新しい環境の中で、とても緊張している人を久しぶりに見ました。自分も昔は、よく緊張したものだなあと思います。お坊さんは人前でお経を上げたり、大勢の前でお話をしたりしますから、そうも言ってはいられませんが、やっぱり人間ですから、まったく緊張しないわけではありません。緊張を和らげるには結局は慣れ、つまりは場数を踏むことが一番です。
もしも今後、緊張することがあったなら、一度落ち着いて、長い呼吸をしてみて下さい。きっと緊張が和らぎます。
そんな学校の先生が言うようなこと、言われなくても知っていると仰る方があるかも知れません。

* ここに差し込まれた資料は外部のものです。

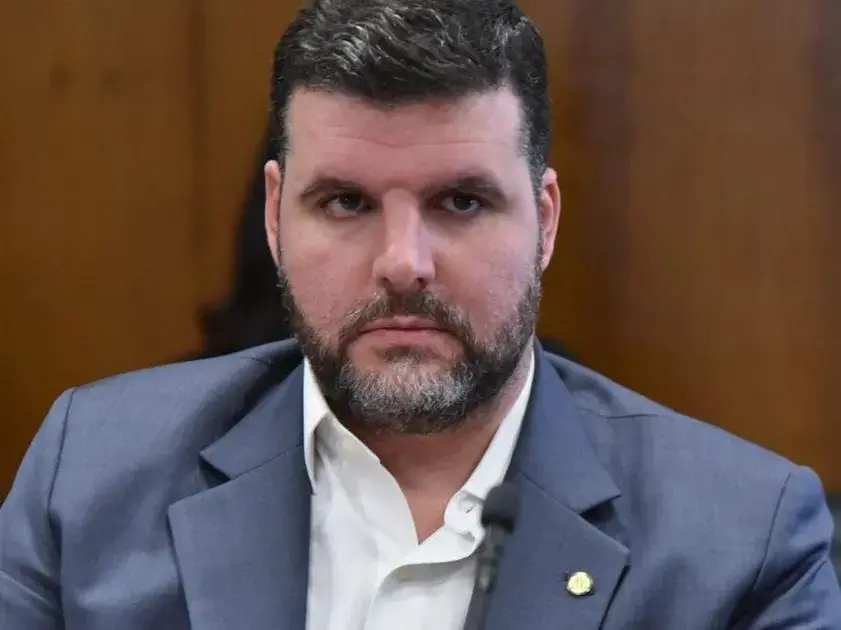 Partido Liberal analisa nomes para vice de Flávio Bolsonaro nas eleições de 2024 Partido Liberal analisa nomes para vice de Flávio Bolsonaro nas eleições de 2024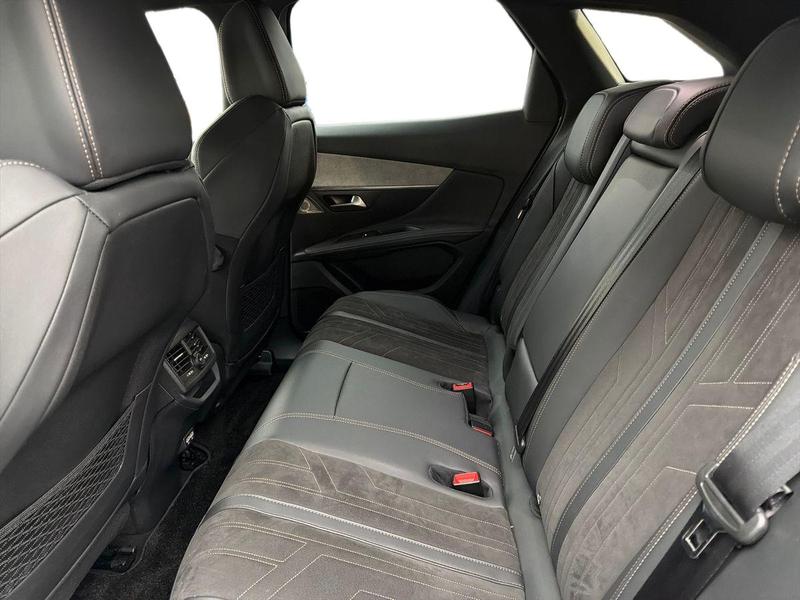 Used Peugeot 3008 VN71AUT 17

けれど落ち着いて長い呼吸をする、ということについては、仏教的にとても深い意味があります。「呼吸」というものが、心身にとって、他の何物とも違う重要な意味を持つことは、例えばアーナパーナ・サティ瞑想を説くお経などにも書かれていますが、とりあえず長い呼吸をすることは、緊張しないように深呼吸して手のひらに人の字を書いて飲み込んで、といった話とは意味が違いますので、もしもあなたが緊張した時には、是非試してみて下さい。
仏教には呼吸に関する、何百年にも渡る深い蓄積とノウハウがありますが、それは学校の先生たちが、決して知らない種類の知識です。